The Glaisher Stand is a wooden structure with an apex roof, which is mounted on a stand. The significant difference between the Glaisher Stand and the Stevenson Screen is that it is open to sun light reflection. A disadvantage with the Glaisher Stand is that it needed to be manually rotated to prevent direct sunlight hitting the thermometer.

Mildura is located on the Murray River in a mostly flat region of NW Victoria, and the official Mildura Post Office weather station opened in January 1889. Deniliquin is located several hundred km to the ESE of Mildura in a mostly flat region of southern New South Wales. The official Deniliquin Post Office weather station opened in January 1858. Both towns are distant from the ocean and are usually affected in similar ways by most broadscale weather systems.

Maximum temperature data from weather stations located at Mildura and Deniliquin Post Offices are available from 1889 to 1949. A regression analysis was performed on those data to yield Mildura's monthly extreme maximum temperature as a function of Deniliquin maximum, sine (month), cosine (month), sine (month)*Deniliquin maximum, and cosine (month)*Deniliquin maximum.

The regression relationship was then utilised to estimate Mildura's monthly extreme maximum from that at Deniliquin. It emerged that, during the hot season (November to March) there were four distinct error distribution clusters: from 1889/90 to 1896/97, the average error was –0.82°C; from 1897/98 to 1901/02, the average error was +0.22°C; from 1902/03 to 1905/06, the average error was 2.33°C; and, from 1908/09 to 1949, the average error was –0.13°C.

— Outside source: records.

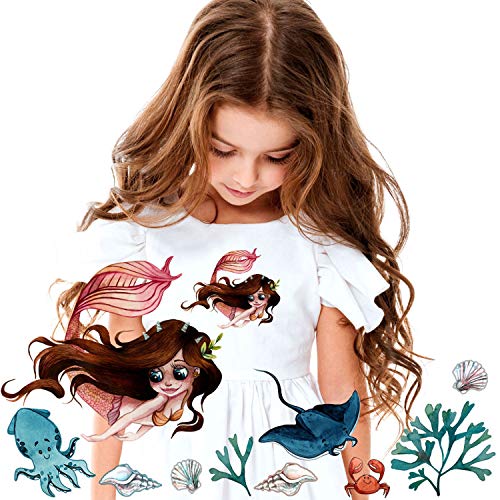 BügelbilderMeerjungfrau mit Freunde Under the Sea Applikation Kissen Shirt Taschen Bügelbild Patch in A5 bb188 ilka parey wandtattoo-welt® von ilka parey wandtattoo-welt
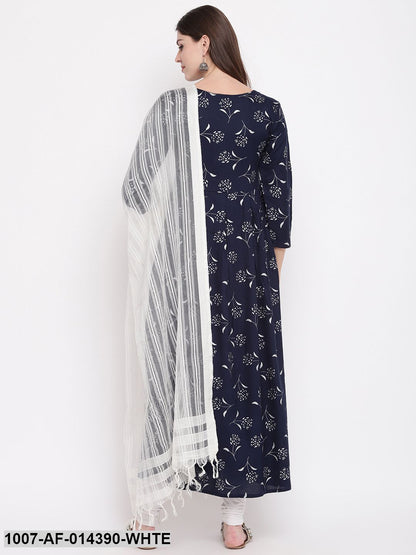 Silver Print Rayon Pleated kurta Dupatta Set (Navy Blue) (Pre-Order)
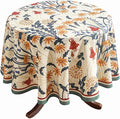 French Vintage Round Tablecloth, Linen Tablecloth by bilingaier
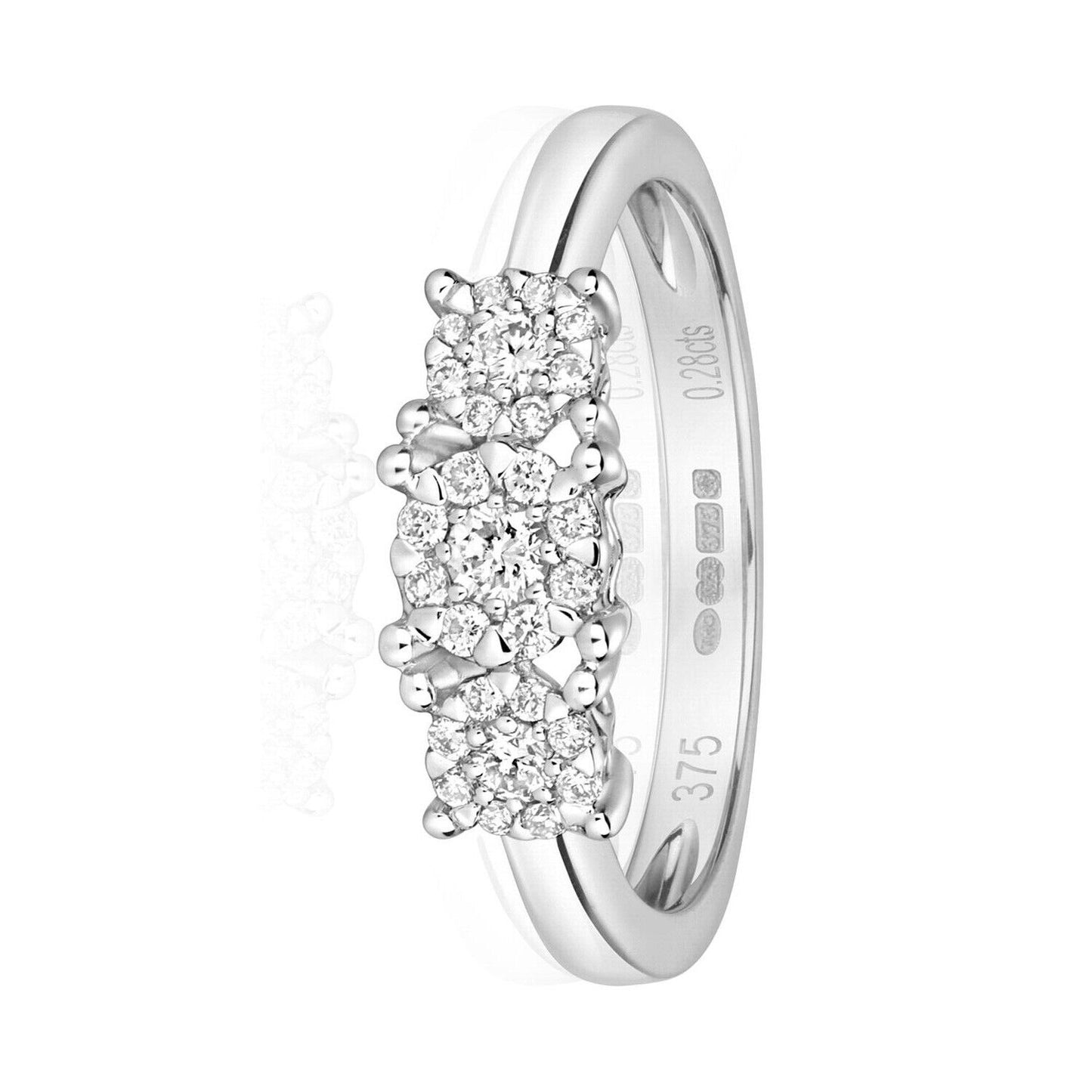 Real Diamond Ring Three Stone Cluster Trilogy 9ct White Gold Engagement Size J-Q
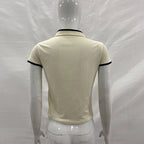 Women's Beige Chinese Style Cheongsam Blouse Vintage Mandarin Collar Short Sleeve Crop Top with Frog Button Keyhole Asymmetrical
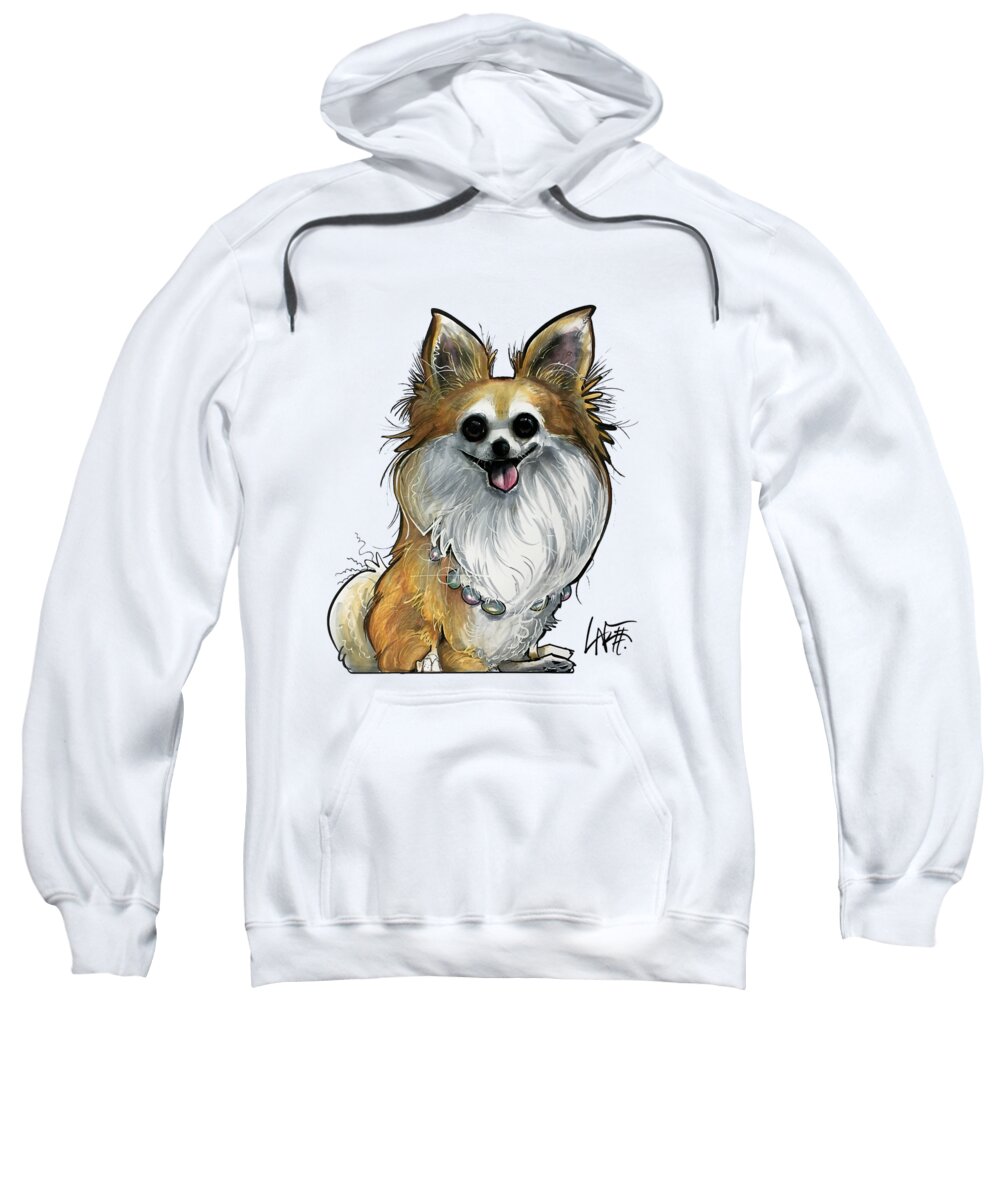 Papillon Sweatshirt featuring the drawing Batassa 19-1024 by Canine Caricatures By John LaFree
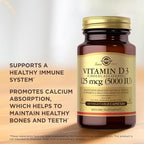 Solgar Vitamin D3 (Cholecalciferol) 125 mcg (5000 IU), 60 Vegetable Capsules - Helps Maintain Healthy Bones & Teeth - Immune System Support - Non-GMO, Gluten Free, Dairy Free - 60 Servings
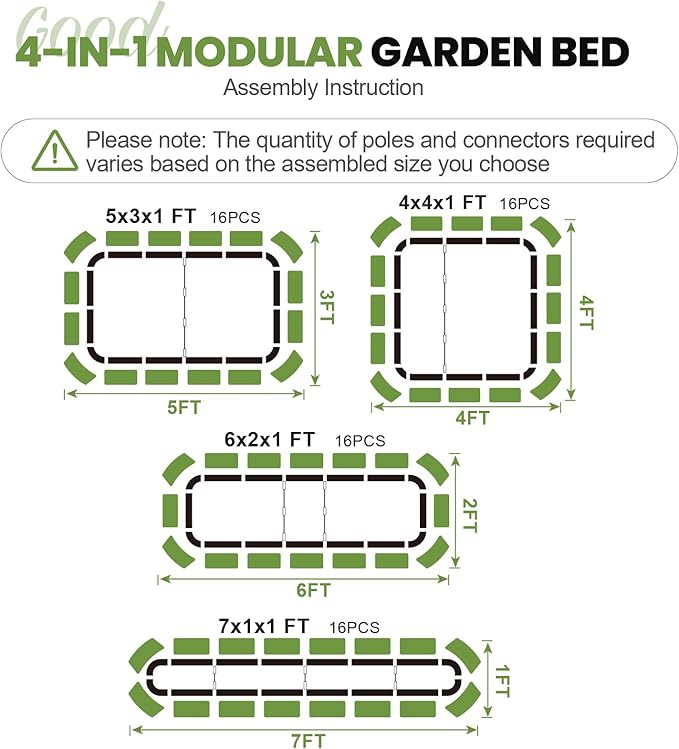 G GOOD GAIN 4-in-1 Adjustable Raised Garden Bed Kit | Galvanized Planter Boxes for Vegetables, Flowers | 12" Tall, Multiple Sizes (5x3x1ft, 4x4x1ft, 6x2x1ft, 7x1x1ft) | Outdoor Metal Raised Bed, White
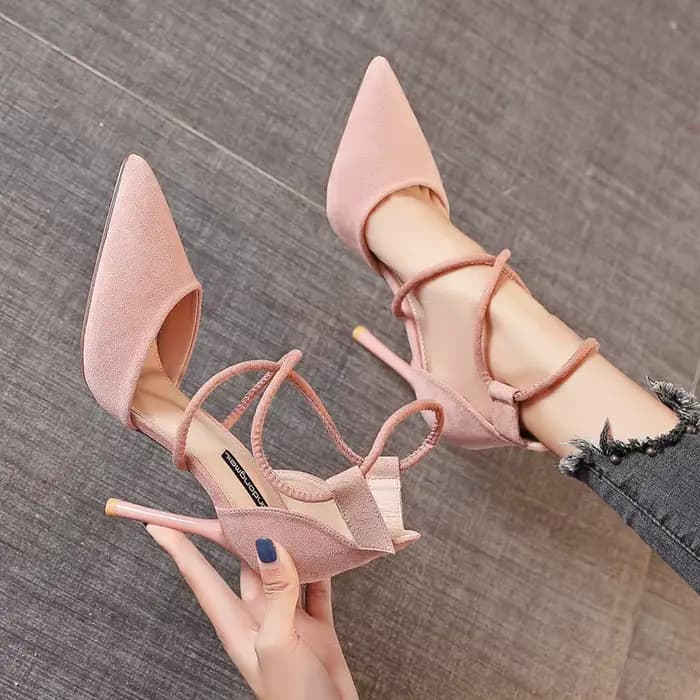Sandale petit talon sandales Sexy femme élégante chaussures à talons mode Chic Point chaud noir rose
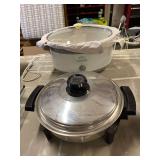 Crock Pot, electric Lustre Craft cooker, 2 skillets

Making the assumption that there was appropriate siting and exposure of the instrumentation at both weather stations during the latter period leads one to suggest a bias in the Mildura monthly extreme maxima during the period from 1902/03 to 1905/06 of +2.46°C (2.33°C + 0.13°C).

Consequently, it is concluded that, whilst it is often stated that Victoria's highest temperature on record is 123.5°F (50.8°C), recorded at Mildura on Saturday 6th January 1906, the maximum temperature at Mildura on that day was more likely to have been closer to 48.3°C than to 50.8°C.

Reference: Bureau of Meteorology, 1993, Differences in temperature recording between the Glaisher Stand and the Stevenson Screen – A project undertaken for the Bureau of Meteorology Research Centre by Department of Mathematics, Swinburne University of Technology, October 1993.